The powerful documentary style photos in “Pretty, Please” beg you to look. Honest and vibrant, they are not always comfortable. Victoria’s Secret has trained us to expect sexy lingerie on a young, taut body, not on folded and stretched skin. And yet, why isn’t this just as beautiful? Grow old or die, those are the only options. Why can’t we appreciate the child-scarred body of a woman who wants to be seen?
Self-portraits are interspersed with images from Schreiber’s life. A drop of blood on the toilet seat symbolizes her ebbing fertility; the lit interior of her closet holds neatly hung clothes and shelves of shoes, but also, stashed up and away, naked kewpie dolls, whimsical and eerie.
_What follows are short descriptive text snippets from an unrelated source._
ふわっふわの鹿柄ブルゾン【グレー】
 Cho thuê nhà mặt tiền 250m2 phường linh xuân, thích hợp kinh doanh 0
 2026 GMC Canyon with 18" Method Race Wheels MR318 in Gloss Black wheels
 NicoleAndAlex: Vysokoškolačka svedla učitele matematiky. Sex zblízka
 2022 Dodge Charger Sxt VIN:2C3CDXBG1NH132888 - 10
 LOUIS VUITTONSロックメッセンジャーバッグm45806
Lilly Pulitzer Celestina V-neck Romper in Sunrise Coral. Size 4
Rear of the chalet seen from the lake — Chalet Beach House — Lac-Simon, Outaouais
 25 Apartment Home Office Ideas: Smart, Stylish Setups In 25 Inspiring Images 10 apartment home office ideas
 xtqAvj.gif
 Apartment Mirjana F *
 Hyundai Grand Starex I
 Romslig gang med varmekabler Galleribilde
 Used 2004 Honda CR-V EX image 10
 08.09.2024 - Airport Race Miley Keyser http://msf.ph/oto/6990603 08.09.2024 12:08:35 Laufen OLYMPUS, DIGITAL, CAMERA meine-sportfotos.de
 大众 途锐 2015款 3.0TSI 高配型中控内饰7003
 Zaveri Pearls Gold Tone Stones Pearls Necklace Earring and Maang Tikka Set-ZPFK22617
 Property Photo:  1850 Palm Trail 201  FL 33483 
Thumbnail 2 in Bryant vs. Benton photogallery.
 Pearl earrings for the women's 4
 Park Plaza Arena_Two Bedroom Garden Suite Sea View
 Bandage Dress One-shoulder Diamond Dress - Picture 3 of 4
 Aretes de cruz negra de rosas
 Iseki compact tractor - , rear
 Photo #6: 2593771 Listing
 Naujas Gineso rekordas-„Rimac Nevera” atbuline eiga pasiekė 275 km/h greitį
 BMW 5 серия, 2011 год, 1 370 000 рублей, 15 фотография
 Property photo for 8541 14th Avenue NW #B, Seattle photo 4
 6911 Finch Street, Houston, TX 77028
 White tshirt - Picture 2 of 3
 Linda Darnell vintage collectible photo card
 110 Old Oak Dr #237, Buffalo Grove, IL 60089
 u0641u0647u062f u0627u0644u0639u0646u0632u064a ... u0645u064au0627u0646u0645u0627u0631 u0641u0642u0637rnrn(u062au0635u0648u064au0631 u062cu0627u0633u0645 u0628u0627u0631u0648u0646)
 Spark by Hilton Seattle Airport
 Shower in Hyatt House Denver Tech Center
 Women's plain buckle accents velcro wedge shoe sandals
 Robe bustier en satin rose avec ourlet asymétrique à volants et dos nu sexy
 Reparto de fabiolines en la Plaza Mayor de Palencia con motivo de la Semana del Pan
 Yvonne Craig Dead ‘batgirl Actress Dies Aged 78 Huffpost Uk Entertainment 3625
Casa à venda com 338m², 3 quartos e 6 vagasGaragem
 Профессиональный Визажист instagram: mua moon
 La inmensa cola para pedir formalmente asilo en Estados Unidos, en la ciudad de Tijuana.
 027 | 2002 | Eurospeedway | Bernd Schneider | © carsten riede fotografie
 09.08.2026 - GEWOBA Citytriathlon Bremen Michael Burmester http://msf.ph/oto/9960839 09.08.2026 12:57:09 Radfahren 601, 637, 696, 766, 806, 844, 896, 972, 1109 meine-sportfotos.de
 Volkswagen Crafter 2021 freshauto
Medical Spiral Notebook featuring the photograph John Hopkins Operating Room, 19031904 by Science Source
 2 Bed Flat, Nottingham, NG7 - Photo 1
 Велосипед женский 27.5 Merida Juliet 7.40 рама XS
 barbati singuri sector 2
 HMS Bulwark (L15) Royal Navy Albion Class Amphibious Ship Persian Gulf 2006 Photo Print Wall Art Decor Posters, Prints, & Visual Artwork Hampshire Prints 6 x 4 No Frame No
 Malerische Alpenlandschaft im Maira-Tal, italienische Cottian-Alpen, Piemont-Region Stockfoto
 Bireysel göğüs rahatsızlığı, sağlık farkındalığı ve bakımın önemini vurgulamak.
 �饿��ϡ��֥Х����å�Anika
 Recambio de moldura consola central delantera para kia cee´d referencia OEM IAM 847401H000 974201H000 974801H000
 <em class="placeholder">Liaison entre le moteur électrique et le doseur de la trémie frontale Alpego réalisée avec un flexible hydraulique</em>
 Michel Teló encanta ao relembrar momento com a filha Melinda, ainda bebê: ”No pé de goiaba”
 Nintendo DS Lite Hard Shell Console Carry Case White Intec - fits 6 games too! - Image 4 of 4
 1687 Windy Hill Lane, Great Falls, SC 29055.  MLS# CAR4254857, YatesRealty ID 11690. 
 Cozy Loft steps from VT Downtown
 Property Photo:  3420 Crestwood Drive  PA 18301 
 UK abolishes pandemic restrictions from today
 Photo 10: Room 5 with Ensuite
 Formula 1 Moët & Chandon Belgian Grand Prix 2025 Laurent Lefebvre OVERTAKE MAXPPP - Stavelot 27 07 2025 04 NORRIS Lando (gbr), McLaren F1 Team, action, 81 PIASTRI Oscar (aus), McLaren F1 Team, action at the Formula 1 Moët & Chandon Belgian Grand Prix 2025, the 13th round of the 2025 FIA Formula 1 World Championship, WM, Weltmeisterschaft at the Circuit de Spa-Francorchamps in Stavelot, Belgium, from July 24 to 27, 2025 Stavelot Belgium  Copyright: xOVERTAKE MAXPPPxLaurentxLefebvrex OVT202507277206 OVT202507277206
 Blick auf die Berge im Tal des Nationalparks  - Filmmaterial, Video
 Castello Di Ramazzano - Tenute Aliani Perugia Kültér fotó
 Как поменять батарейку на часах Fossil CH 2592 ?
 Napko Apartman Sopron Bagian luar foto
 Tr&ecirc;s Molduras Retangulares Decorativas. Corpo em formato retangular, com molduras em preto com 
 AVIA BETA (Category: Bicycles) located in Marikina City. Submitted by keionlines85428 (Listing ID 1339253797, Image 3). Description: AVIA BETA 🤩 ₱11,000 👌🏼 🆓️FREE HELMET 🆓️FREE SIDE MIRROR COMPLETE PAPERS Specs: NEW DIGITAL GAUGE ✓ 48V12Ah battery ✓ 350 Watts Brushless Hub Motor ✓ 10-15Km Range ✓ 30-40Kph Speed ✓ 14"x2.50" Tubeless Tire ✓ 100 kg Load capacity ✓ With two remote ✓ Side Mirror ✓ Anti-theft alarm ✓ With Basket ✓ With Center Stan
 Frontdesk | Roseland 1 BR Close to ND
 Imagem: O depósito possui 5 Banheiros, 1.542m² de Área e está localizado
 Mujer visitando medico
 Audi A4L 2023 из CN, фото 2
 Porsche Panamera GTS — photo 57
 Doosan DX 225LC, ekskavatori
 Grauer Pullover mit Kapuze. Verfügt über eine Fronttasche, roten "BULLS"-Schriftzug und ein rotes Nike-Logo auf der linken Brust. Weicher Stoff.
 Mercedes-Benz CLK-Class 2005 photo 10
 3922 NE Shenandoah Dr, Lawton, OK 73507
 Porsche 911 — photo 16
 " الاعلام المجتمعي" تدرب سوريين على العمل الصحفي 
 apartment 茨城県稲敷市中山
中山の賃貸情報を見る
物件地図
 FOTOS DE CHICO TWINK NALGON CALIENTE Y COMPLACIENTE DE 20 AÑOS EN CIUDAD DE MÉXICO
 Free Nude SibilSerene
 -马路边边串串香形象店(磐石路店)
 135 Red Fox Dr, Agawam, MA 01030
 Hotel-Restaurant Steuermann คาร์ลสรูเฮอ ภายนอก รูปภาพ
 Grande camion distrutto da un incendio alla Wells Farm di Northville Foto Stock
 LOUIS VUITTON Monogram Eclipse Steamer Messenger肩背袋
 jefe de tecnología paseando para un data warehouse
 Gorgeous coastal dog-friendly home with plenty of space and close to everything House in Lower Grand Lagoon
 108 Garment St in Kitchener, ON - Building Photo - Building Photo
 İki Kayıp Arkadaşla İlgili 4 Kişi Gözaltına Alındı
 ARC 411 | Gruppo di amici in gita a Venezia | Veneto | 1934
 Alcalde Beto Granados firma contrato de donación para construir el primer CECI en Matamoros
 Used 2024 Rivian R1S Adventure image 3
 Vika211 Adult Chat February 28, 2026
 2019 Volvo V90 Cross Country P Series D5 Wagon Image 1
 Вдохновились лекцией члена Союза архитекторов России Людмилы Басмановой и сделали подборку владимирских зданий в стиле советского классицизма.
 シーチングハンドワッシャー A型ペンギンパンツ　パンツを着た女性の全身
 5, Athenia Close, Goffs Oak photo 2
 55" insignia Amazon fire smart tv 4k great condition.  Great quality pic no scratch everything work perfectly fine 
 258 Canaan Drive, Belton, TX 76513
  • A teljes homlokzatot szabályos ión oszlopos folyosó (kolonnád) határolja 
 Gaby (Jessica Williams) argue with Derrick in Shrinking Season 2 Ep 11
“You get into your 40s and things are very different, your perspective changes, and the way the world looks at you changes as well.”
In “Pretty, Please” we’re looking at Andi Schreiber and she’s looking back. This is definitively her — her life, her body, her blood — and yet this desire to be seen, to be valued on her own terms, could also represent the scores of middle-aged women who chose family and stability and have had their sense of self sacrificed to their suburban houses, and diapers, and carpools.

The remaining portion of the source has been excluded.